Se em plena década de 50, espaçonaves eram literalmente pratos pendurados em barbantes, e filmados com orçamento risível por um louco apaixonado por Cinema chamado Ed Wood, esses mesmos veículos alienígenas em formato oval descem das nuvens, em Marte Ataca!, sendo efeitos especiais propositalmente horríveis, remetendo-os com essa intenção de escracho as inesquecíveis e bizarras obras do ídolo de Burton, massacradas na época por suas péssimas qualidades. Aqui, a bizarrice é generalizada muito antes de vermos os alienígenas, sendo nós muito mais estranhos em nossos costumes que eles, esquisitos muitos mais na sua aparência do que nos atos hostis muito parecidos aos da nossa espécie.

Temos aqui a icônica cena dos homenzinhos verdes, um clichê orgulhoso do que é, assim como os velhos filmes testamento de Wood, o famoso pior cineasta de todos os tempos, entrando enfileirados na Suprema Corte norte-americana antes de incinerar a todos, sem motivo aparente. Em cenas como essa, ou na própria apresentação dos marcianos violentos aos “dóceis” militares americanos, ainda no começo do filme, Burton promove aqui usar a mesma selvageria que os EUA usam no trato com outras nações nas guerras que se envolvem, sendo não à toa os donos do mundo, seja por conta do poderio militar, ou através do poder midiático que produzem para fortalecer o american way of life. Essa intolerância aqui, mesmo vista pela ótica do ridículo e do humor, nunca esgota sua cumplicidade com a realidade política dos fatos que só agravaram-se com a presidência de Donald Trump.
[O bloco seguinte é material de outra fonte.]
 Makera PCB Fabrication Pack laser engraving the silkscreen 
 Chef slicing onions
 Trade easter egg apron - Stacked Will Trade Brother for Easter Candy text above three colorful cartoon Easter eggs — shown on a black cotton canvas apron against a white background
É interessante como o filme não tem pressa alguma de mostrar as suas criaturas de outro planeta, e o caos que elas fazem acontecer. Enquanto toda essa bizarrice de duas cabeças apaixonadas voando sem corpo passa, pouco a pouco, a ser o fator principal de uma trama baseada em como a loucura e a paranoia regem os EUA, e Las Vegas e Washington começarem a ser atacadas em divertidas e exageradas sequências de ação, fazendo pouco dessas cenas que Hollywood refaz todo ano em um sem número de filmes ruins, a crítica à política americana e ao modo de vida do Tio Sam é nítida, metaforizada aqui por um presidente incompetente, cidadãos abestados e uma cultura de espetáculo que explode pelo ar e ninguém liga porque tudo é descartável, assim como os cenários falsos e brilhantes que cercam pessoas falsas, de roupas brilhantes. De ingênuo, e ridículo, o ótimo Marte Ataca! tem apenas a sua casca, sendo uma ode apaixonada as raízes de um cineasta que nunca escondeu suas influências.